[Start of Attachment]

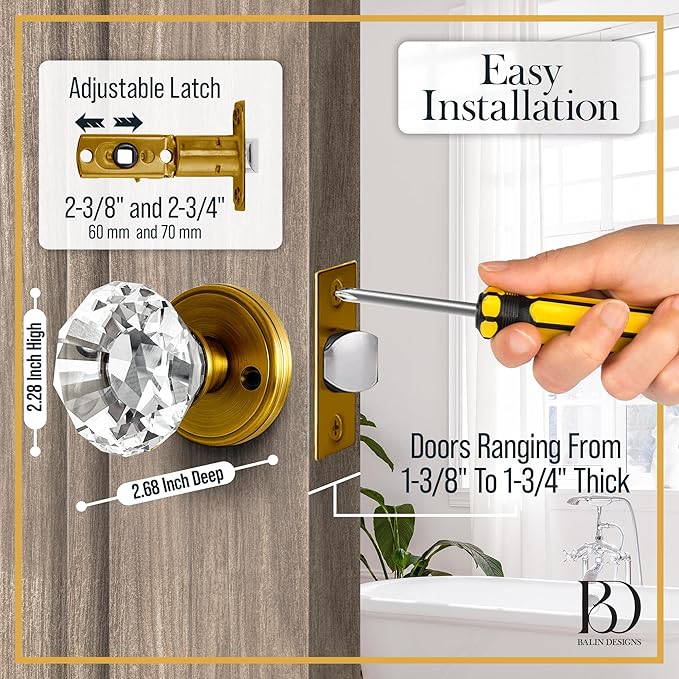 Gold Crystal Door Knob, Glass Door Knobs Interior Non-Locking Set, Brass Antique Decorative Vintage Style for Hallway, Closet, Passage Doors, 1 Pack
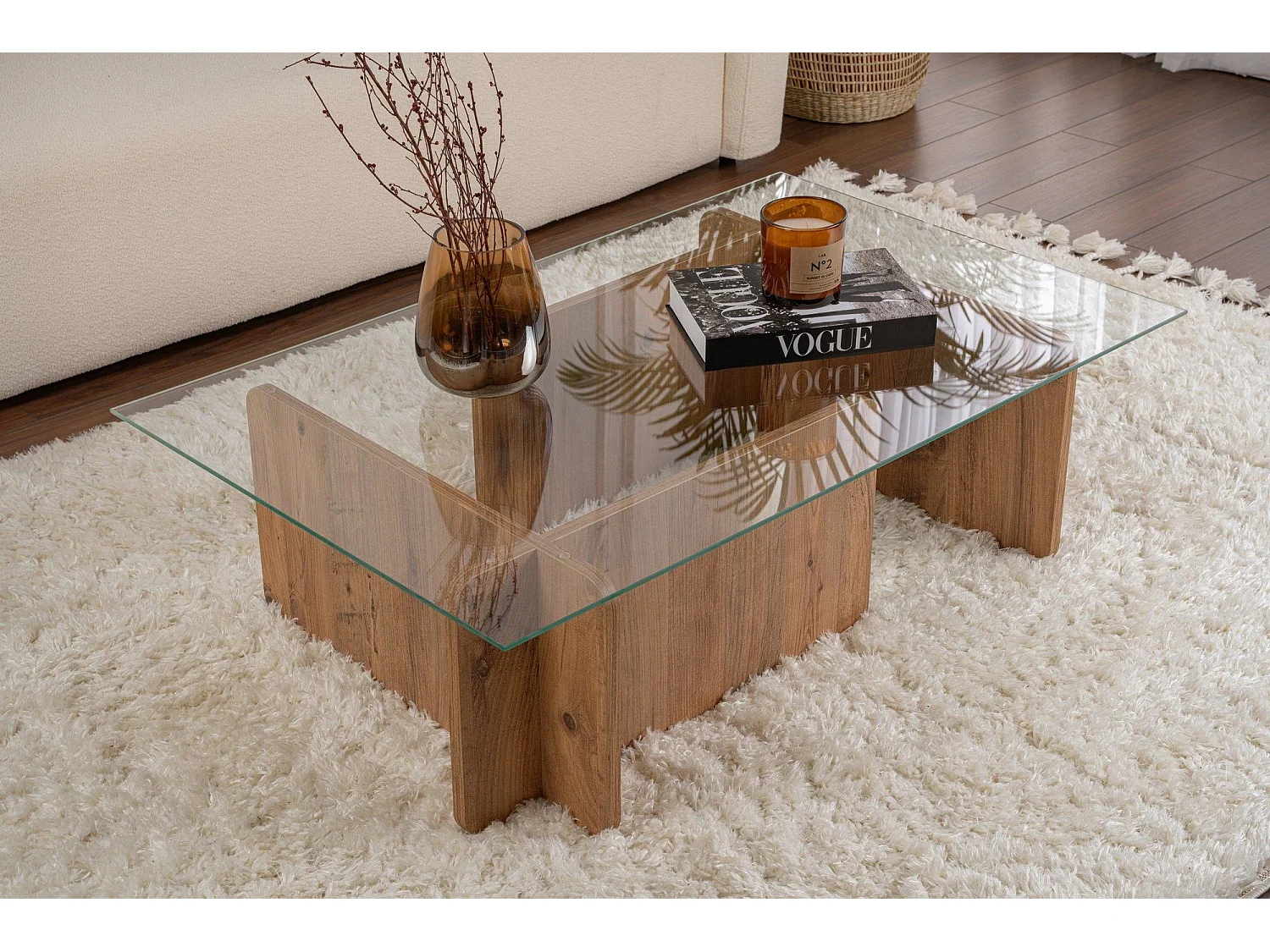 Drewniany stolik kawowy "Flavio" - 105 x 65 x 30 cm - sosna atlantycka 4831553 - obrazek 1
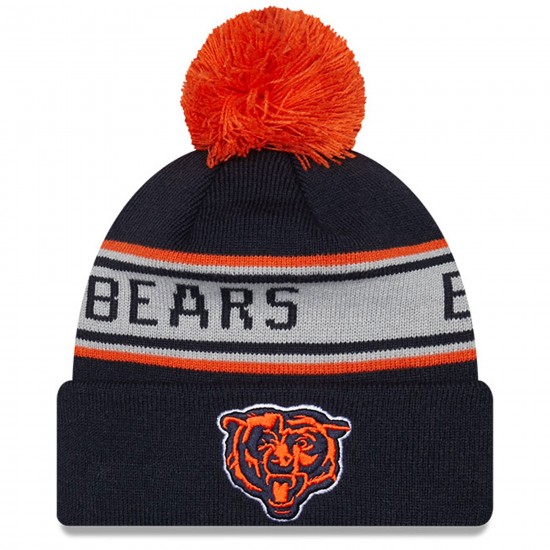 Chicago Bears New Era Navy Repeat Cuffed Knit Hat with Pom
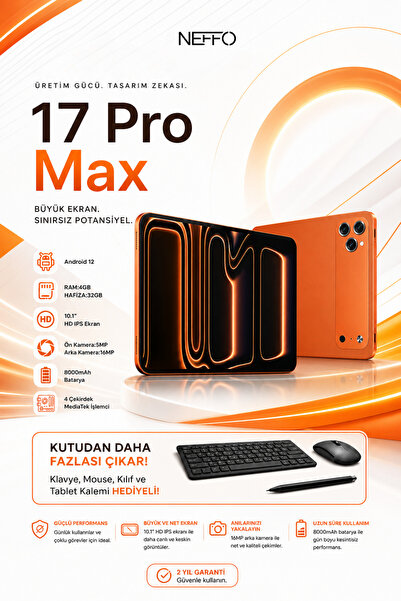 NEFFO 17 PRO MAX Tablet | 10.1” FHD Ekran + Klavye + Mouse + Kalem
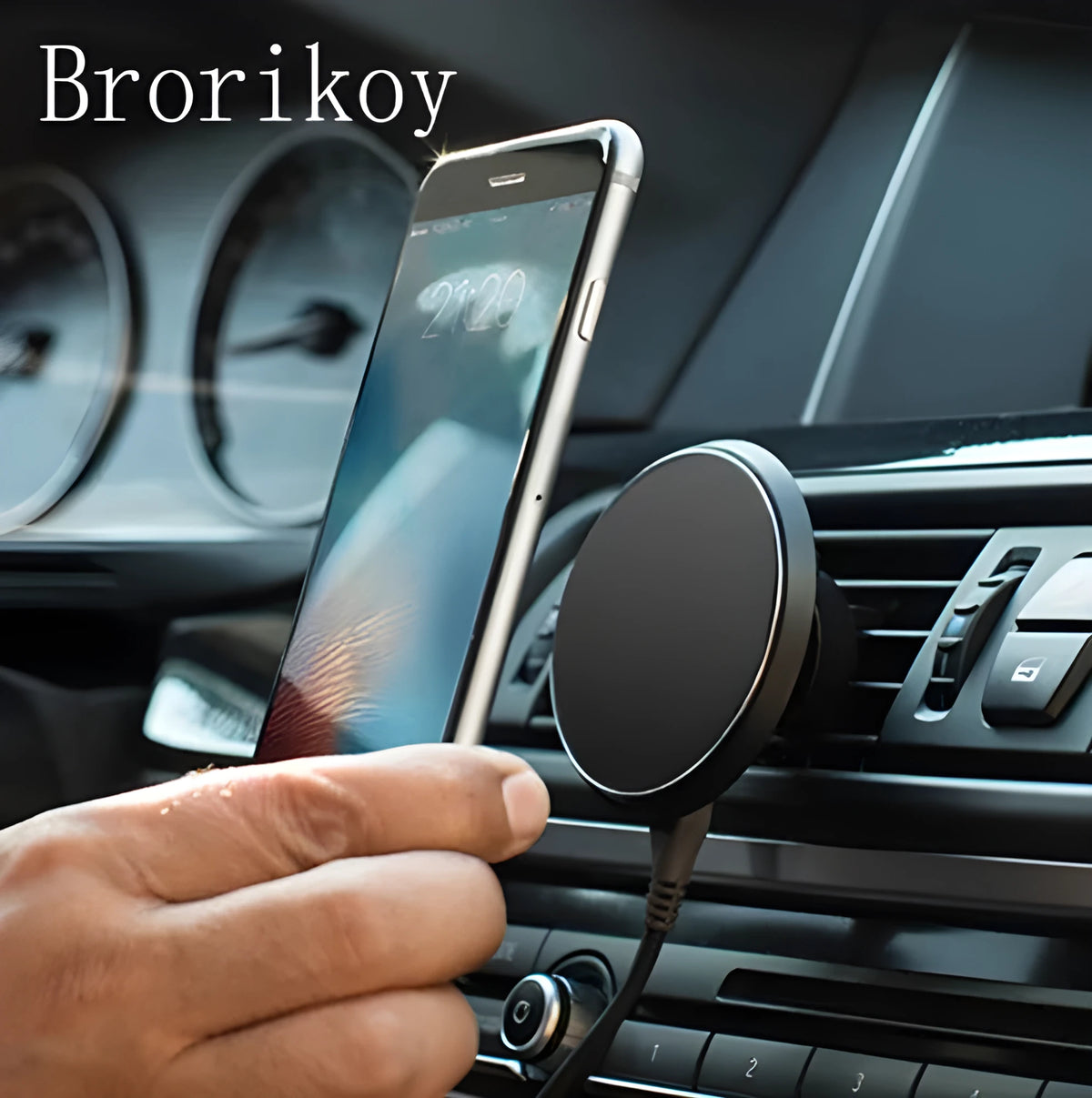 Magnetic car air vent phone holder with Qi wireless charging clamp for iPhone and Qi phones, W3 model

[End of Attachment]
[Start of Attachment]

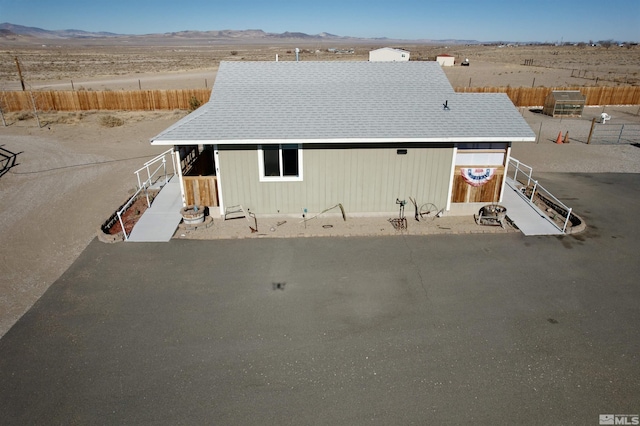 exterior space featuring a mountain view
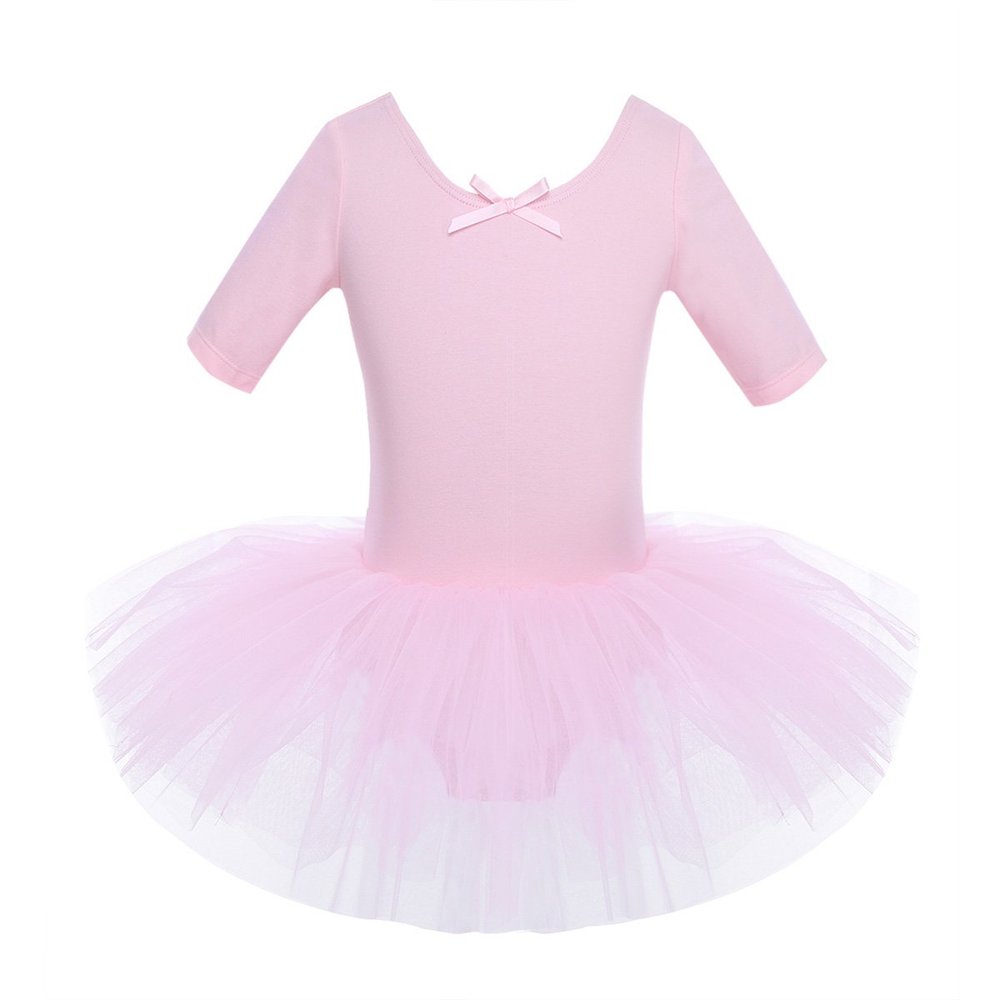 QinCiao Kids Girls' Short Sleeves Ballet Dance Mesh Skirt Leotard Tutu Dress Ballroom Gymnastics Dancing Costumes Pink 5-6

[End of Attachment]
[Start of Attachment]

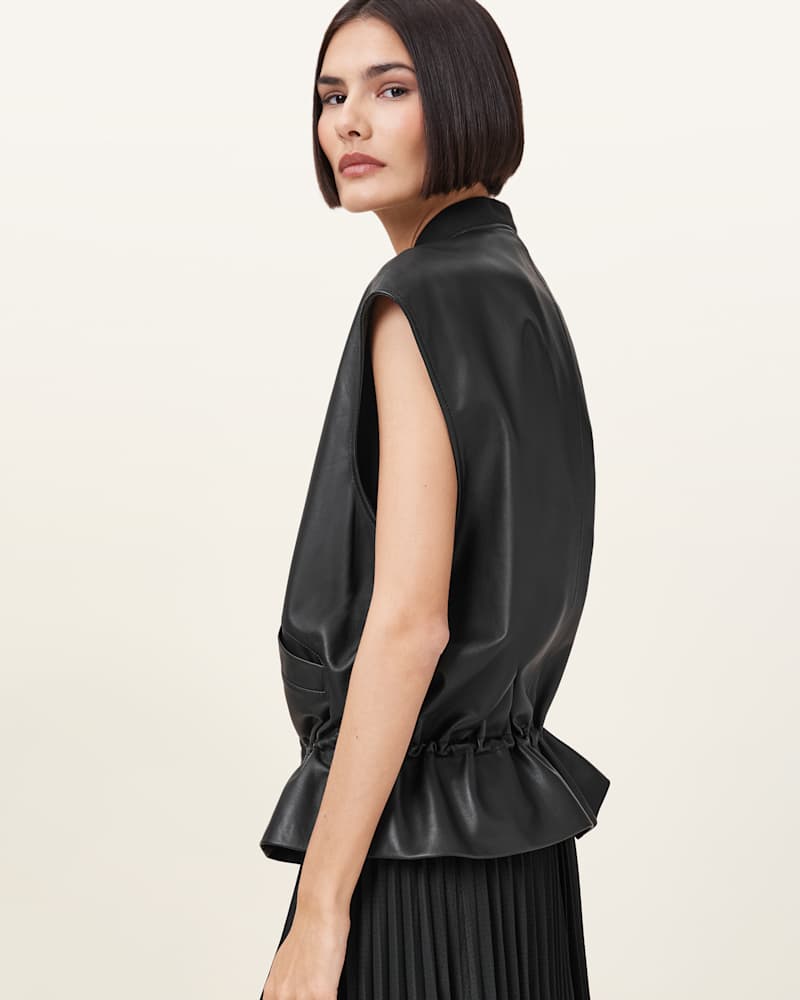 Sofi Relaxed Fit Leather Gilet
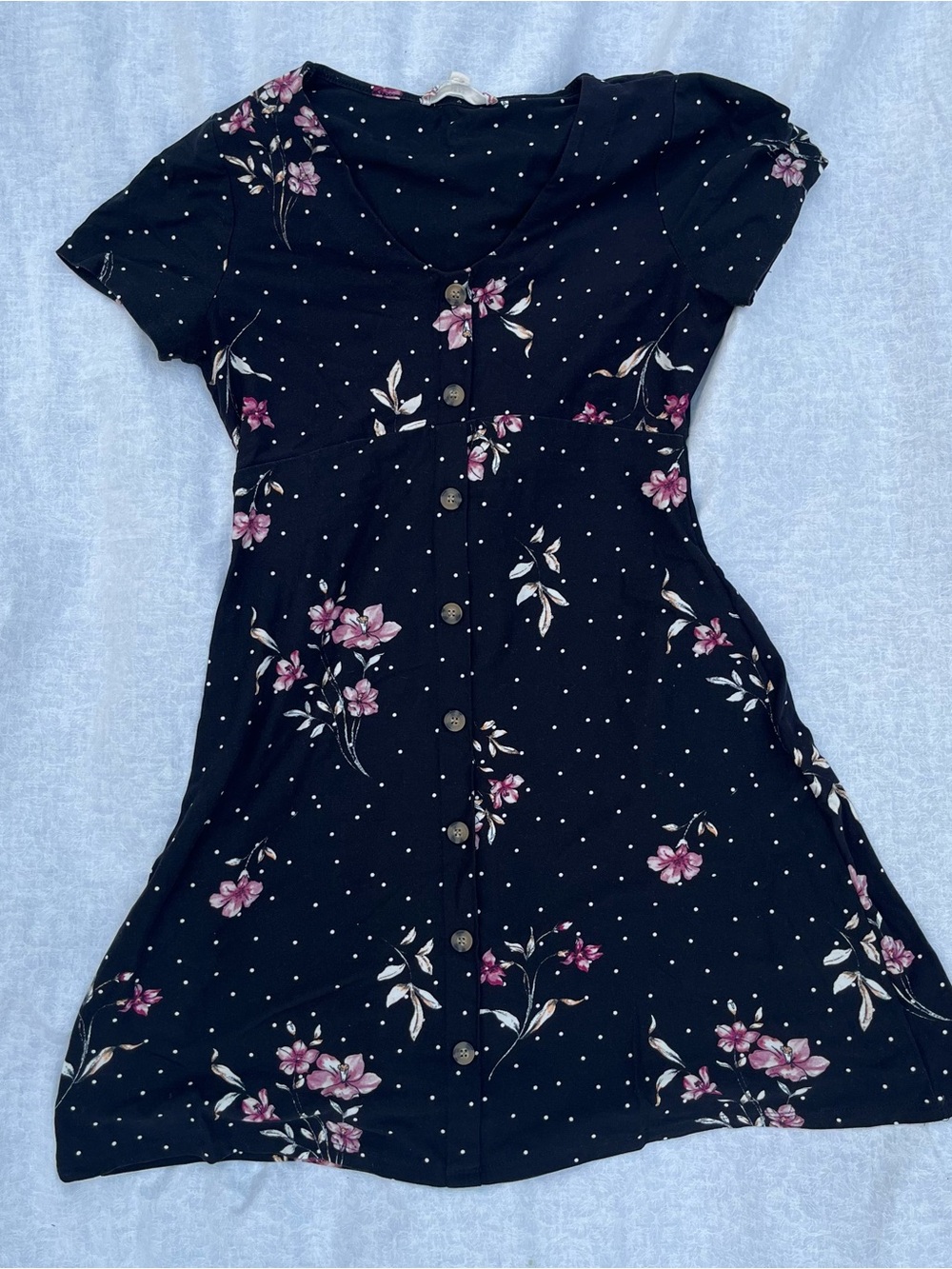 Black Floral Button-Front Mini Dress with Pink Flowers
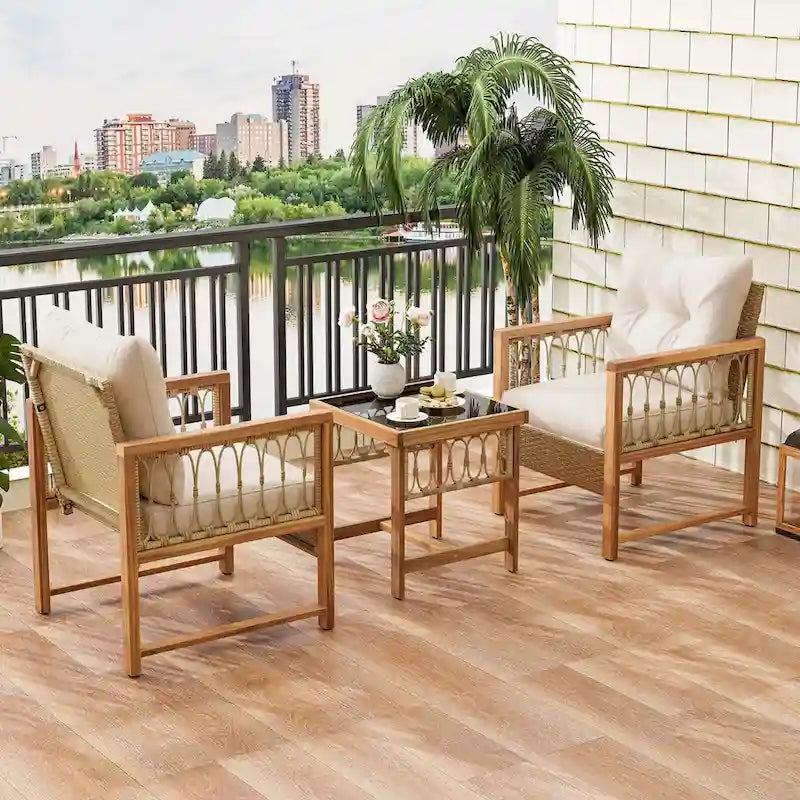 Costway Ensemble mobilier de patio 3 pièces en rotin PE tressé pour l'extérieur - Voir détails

[End of Attachment]

Find the line with "Gold Crystal Door" in the data above, and from there retype each line exactly through the line with "Magnetic car air", skipping the pictures along the way.

 Gold Crystal Door Knob, Glass Door Knobs Interior Non-Locking Set, Brass Antique Decorative Vintage Style for Hallway, Closet, Passage Doors, 1 Pack
 Drewniany stolik kawowy "Flavio" - 105 x 65 x 30 cm - sosna atlantycka 4831553 - obrazek 1
 Chicago Bears New Era Navy Repeat Cuffed Knit Hat with Pom
 NEFFO 17 PRO MAX Tablet | 10.1” FHD Ekran + Klavye + Mouse + Kalem
 Magnetic car air vent phone holder with Qi wireless charging clamp for iPhone and Qi phones, W3 model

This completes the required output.